When I get back from Clickhouse to Postgres, I am always shocked. Like, what it is doing for some minutes importing this 20G dump? Shouldn't it take seconds?

joshstrange a day ago | parent [-]

Every time I use Clickhouse I want blow my brains out, especially knowing that Postgres exists. I’m not saying Clickhouse doesn’t have its place or that Postgres can do everything that Clickhouse can.

What I am saying is that I really dislike working in Clickhouse with all of the weird foot guns. Unless you are using it in a very specific, and in my opinion, limited way, it feels worse than Postgres in every way.

mdaniel a day ago | parent | next [-]

Anything in my life that uses Zookeeper or its dumbass etcd friend means I'm going to have a real bad time. I am thankful they're at least shipping their own ZK-ish but it seems to have fallen into the same trap as etcd, where membership has to be managed like the precious little pets that they are https://clickhouse.com/docs/guides/sre/keeper/clickhouse-kee...

jiggawatts 19 hours ago | parent [-]

Zookeeper in the only clustering product I’ve ever used that actively refused to start a cluster after an all-nodes stop/start.

It blows my mind that a high availability system would purposefully prevent availability as a “feature”.

sciurus 3 hours ago | parent [-]

Although this is oversimplifying things [0], in the face of partitions zookeeper emphasizes consistency over availability.

[0] https://martin.kleppmann.com/2015/05/11/please-stop-calling-...

valyala 6 hours ago | parent | prev | next [-]

Just don't use ClickHouse for OLTP tasks.
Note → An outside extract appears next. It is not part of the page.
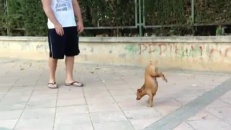 Chien de cirque!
ClickHouse is an analytical database, which isn't optimized for transactional workloads. Keep calm and use Postgresql for OLTP, and ClickHouse for OLAP.

atemerev a day ago | parent | prev [-]

I mostly need analytics, all data is immutable and append-only.

joshstrange a day ago | parent [-]

And that’s exactly the limited-ness I’m talking about. If that works for you, Clickhouse is amazing. For things like logs I can 100% see the value.

Other data that is ETL’d and might need to update? That sucks.

edmundsauto a day ago | parent | next [-]

There are design patterns / architectures that data engineers often employ to make this less "sucky". Data modeling is magical! (Specifically talking about things like datelist and cumulative tables)

slt2021 21 hours ago | parent | prev | next [-]

you are doing data warehousing wrong, need to learn basics of data warehousing best practices.

Data Warehouse consists of Slowly Changing Dimensions and Facts. none of these require updates

atemerev a day ago | parent | prev [-]

If you can afford rare, batched updates, it sucks much less.

Anyway, yes, if your data is highly mutable, or you cannot do batch writes, then yes, Clickhouse is a wrong choice. Otherwise... it is _really_ hard to ignore 50x (or more) speedup.

Logs, events, metrics, rarely updated things like phone numbers or geocoding, archives, embeddings... Whoooop — it slurps entire Reddit in 48 seconds. Straight from S3. Magic.

If you still want really fast analytics, but have more complex scenarios and/or data loading practices, there's also Kinetica... if you can afford the price. For tiny datasets (a few terabytes), DuckDB might be a great choice too. But Postgres is usually a wrong thing to make work.